Where’s my gratitude?”

Any time I felt a smidgen of wanting-to-just-get-them-to-sleep-so-I-can-relax, I would determine:

Either I’m a terrible mother

Or those ol’ biddies don’t know sh*t.

But what if it’s neither?

What if there is an invisible gate we walk through as we age that magically transforms our challenging experiences into great and smiling memories?

I’m on this side. The wise elders are on the other.

I’m in the trenches and “touched out”, on little sleep and severe self-neglect. I need two days of silence and a clean house.

They have experienced their children leaving and the silence that follows. They yearn for noise and laughter and chaos again.

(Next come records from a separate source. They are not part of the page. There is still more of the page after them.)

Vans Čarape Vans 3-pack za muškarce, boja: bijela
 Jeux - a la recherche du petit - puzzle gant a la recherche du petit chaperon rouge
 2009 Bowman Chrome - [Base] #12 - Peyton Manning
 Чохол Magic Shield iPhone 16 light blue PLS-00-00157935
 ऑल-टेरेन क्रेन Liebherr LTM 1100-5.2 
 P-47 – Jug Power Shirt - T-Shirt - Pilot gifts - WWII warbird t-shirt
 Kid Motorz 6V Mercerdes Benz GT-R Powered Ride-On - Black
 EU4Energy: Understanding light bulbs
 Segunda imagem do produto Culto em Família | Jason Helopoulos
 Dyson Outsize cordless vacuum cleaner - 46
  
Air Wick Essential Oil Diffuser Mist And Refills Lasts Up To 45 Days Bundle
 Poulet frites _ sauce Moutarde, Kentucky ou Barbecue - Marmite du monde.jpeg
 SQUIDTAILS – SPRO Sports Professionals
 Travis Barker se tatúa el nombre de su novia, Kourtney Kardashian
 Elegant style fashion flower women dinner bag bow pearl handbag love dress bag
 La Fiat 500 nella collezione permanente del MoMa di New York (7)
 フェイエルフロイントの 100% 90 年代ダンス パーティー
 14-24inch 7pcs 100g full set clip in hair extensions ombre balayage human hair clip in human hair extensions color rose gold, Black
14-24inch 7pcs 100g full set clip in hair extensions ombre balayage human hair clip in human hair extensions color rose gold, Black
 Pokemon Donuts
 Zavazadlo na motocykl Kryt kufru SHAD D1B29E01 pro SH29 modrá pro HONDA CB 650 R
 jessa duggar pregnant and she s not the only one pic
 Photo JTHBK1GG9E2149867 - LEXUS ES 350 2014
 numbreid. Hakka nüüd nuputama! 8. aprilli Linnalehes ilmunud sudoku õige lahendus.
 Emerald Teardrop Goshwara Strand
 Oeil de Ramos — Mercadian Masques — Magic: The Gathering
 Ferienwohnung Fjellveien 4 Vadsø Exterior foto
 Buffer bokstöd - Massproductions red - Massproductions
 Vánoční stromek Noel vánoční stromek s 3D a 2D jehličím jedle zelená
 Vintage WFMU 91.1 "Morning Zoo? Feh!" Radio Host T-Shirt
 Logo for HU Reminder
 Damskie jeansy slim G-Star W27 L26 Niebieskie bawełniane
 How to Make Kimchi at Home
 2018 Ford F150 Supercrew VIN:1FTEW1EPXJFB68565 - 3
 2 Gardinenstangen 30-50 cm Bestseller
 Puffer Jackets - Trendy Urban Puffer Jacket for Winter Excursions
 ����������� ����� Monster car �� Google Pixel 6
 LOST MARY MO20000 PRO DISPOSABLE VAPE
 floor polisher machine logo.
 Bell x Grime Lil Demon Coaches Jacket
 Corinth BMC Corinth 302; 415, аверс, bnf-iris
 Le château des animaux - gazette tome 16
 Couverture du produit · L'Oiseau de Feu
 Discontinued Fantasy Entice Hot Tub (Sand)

There is a fundamental difference between those stages in life. But there’s also a fundamental difference in the way our brains PERCEIVE events in our lives.

It turns out, our brains are wired for precisely this phenomenon.

Our brains today, in this moment? We fixate on the crummy parts (probably to help us fix the problems and keep ourselves alive).

Our brains as we look back? Ah. The brain recalls the BEST PARTS. It forgets the tough aspects and re-visions the past as glorious!


Daniel Kahneman calls these two selves the “Experiencing Self” and the “Remembering Self”.

The Experiencing Self sees the bad parts first. But then the Remembering Self wistfully recalls the best parts.

If you want to geek out, watch his Ted talk on the topic:

If you just want a quick and dirty version, read this article.

If you like science, read his paper.

So if our brains don’t work that way, what can we do?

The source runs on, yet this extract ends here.